When I was a call girl back in the 1990s, I don't know if anyone was using the term sex worker. Certainly, myself and the other working women I hung around with didn't use that terminology. However, we had our own words for our own denial that we were harming ourselves. We didn't call ourselves prostitutes, we called ourselves hookers, call girls and escorts. Though my friend Q would talk about her days as a streetwalker when she was originally forced into prostitution and I think of all my friends at that time, she was the one who would occasionally refer to herself as a prostitute. But then at that time, she lived in flats in the most sought after streets in London, had the best designer clothes, expensive jewellery often given to her by clients, and was taken away on luxury holidays. She had it all on the outside, like most of us did though she did have it best, but like the rest of us, she was just as messed up, damaged, hurt and confused on the inside.

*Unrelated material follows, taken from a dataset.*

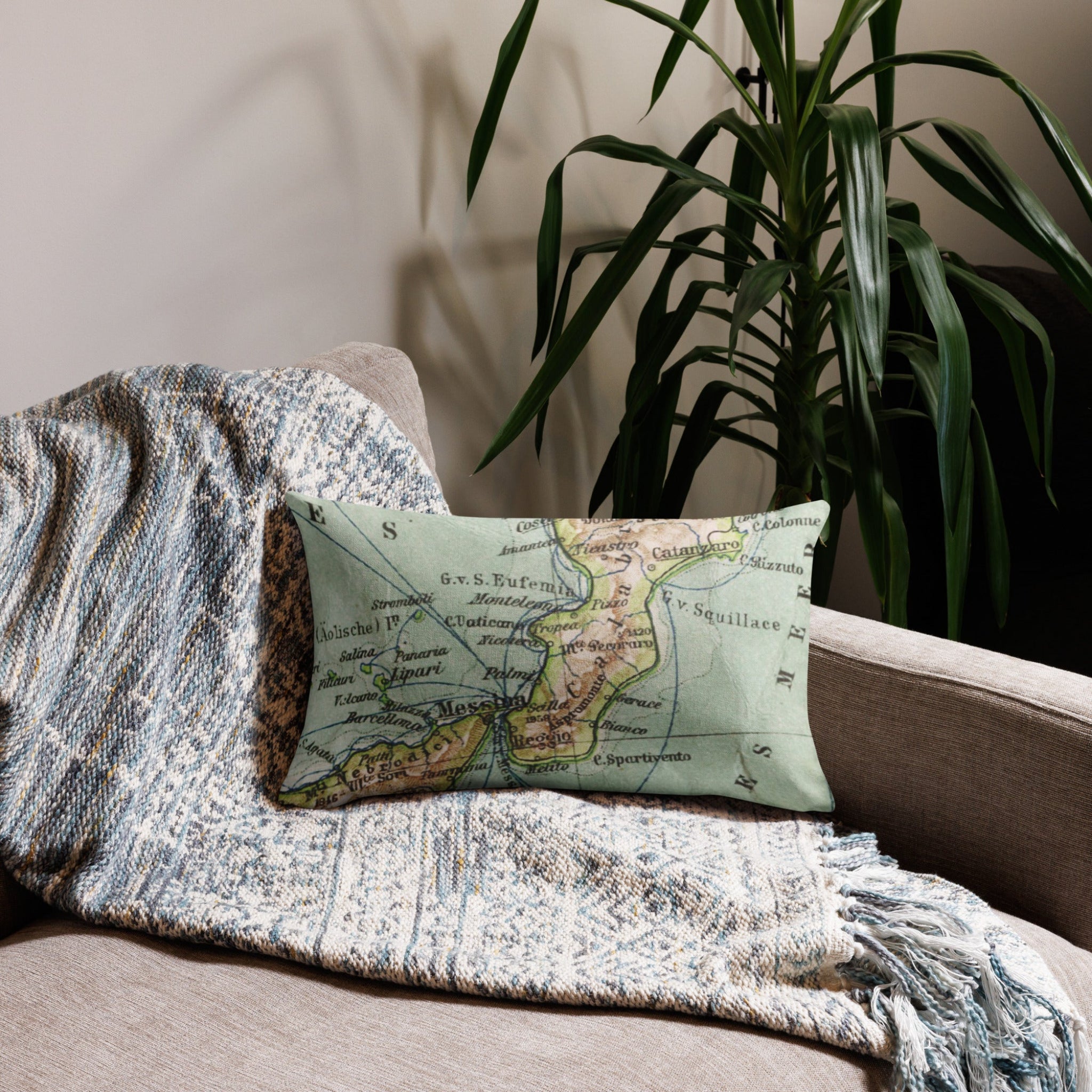Decorative pillow with a map pattern on a beige sofa with a textured blanket and plant in the background.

We all needed to use that different vocabulary about ourselves to feed the denial that we weren't in fact prostitutes. That weren't acting out the sexual abuse we had suffered as children, thinking this time we were the ones in control, pulling the strings, having the last say. But when we were raped and beaten, that wasn't the case, and that's probably why we always just carried on working as if nothing had happened to us. Nearly every woman in that circle I knew well had told me of their childhood sexual abuse. Some of the others didn't discuss their abuse but I wouldn't be surprised if they'd suffered it too, we just weren't as close. We were used to being treated like sex objects. Some of us were called names like "whore" and "tart" and that self-fulfilling prophecy is what happened to us. We were viewed as sex objects when we were young, so we learned to treat ourselves as sex objects. We saw ourselves as sex objects. Sex is what men wanted from us, that was the commodity we traded in, so we may as well get paid for it.

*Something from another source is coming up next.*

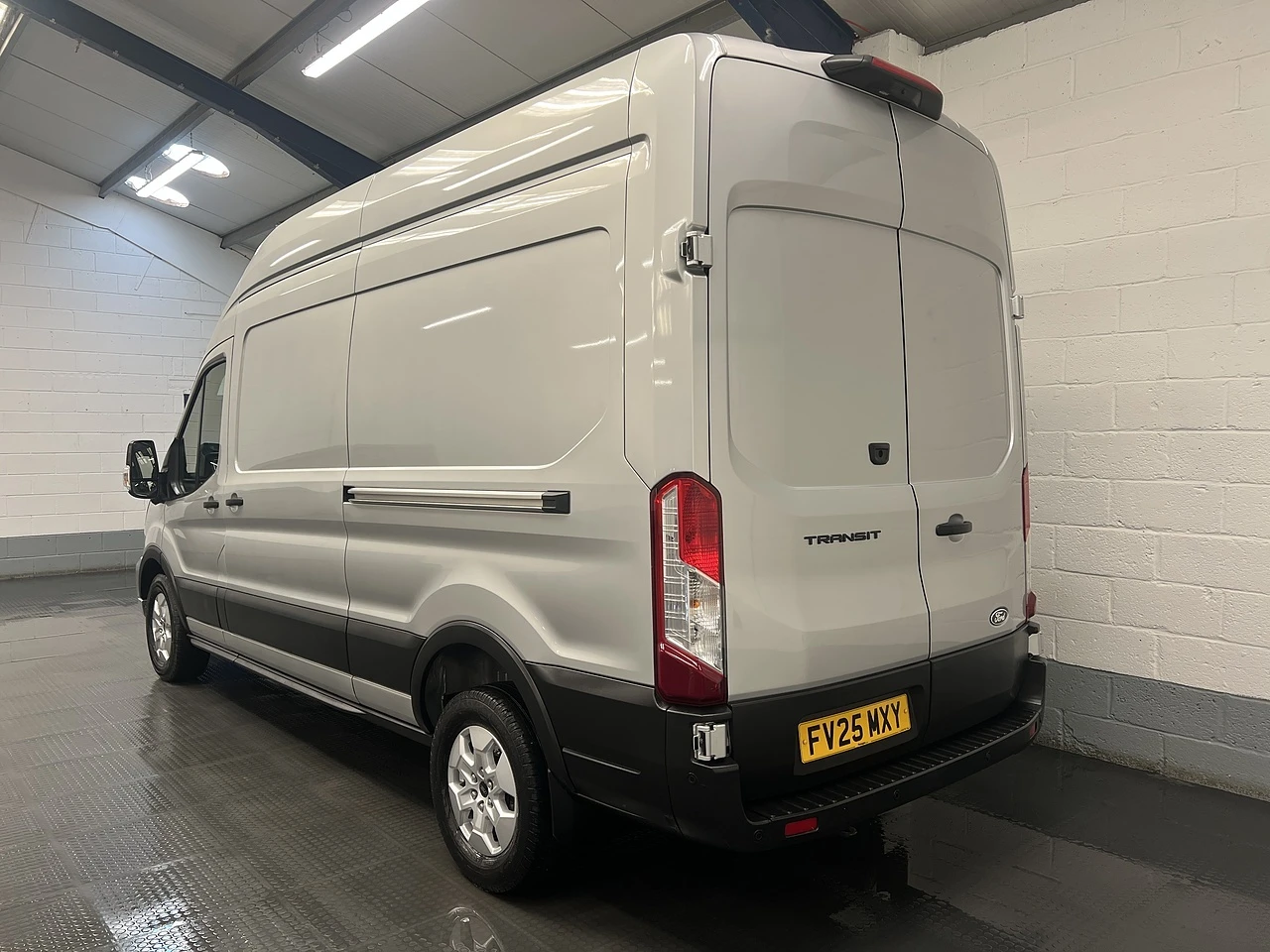 2025 Ford Transit High Roof Panel Van — rear three-quarter view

I thought I was selling my soul in a telemarketing job in my very early twenties. I wasn't selling anything illegal, it was a business to business sales role, but because of my childhood abuse I came to a conclusion that a normal woman wouldn't arrive at: that it would be better to have sex for money, work less hours and earn more money. As simple as that. I didn't see anything wrong with women who worked in prostitution and I still don't see anything wrong with them. I feel a deep sense of sadness for them now just like I feel a deep sense of sadness for myself for putting myself through the ordeal for a few years and that I still pay a price for it now emotionally, psychologically, mentally, in relationships with men as well as friends, I have trust issues, the list goes on - that can be another post for another day.
Sex is not a kind of work, stripping is not a kind of work and neither is pornography. They are kinds of abuse. It would be great if society could see it for what it is and stop using the term sex work, which they see is politically correct. Call it what it is - prostitution, stripping, pornography, but separate the woman from what she does. She is not what she does. She is still a woman. So don't call her a prostitute, a stripper, a pornstar/actress. Instead, call her a woman who is in prostitution, a woman who is in stripping, a woman who is in pornography. Don't let her label become who she is and define her. She is a woman no more or less special than any other. She is deserving of the same respect as any other woman.
For women in prostitution, pornography and stripping and who want to call themselves sex workers that is their choice. Just like it was my choice and my friends' choice to use terminology that made it seem okay to us - our words being hookers, escorts and call girls. I am not here to tell those women what to call what they do, but I am asking society not to feed into that denial, not to let that denial spread and normalise abuse against women by calling it work.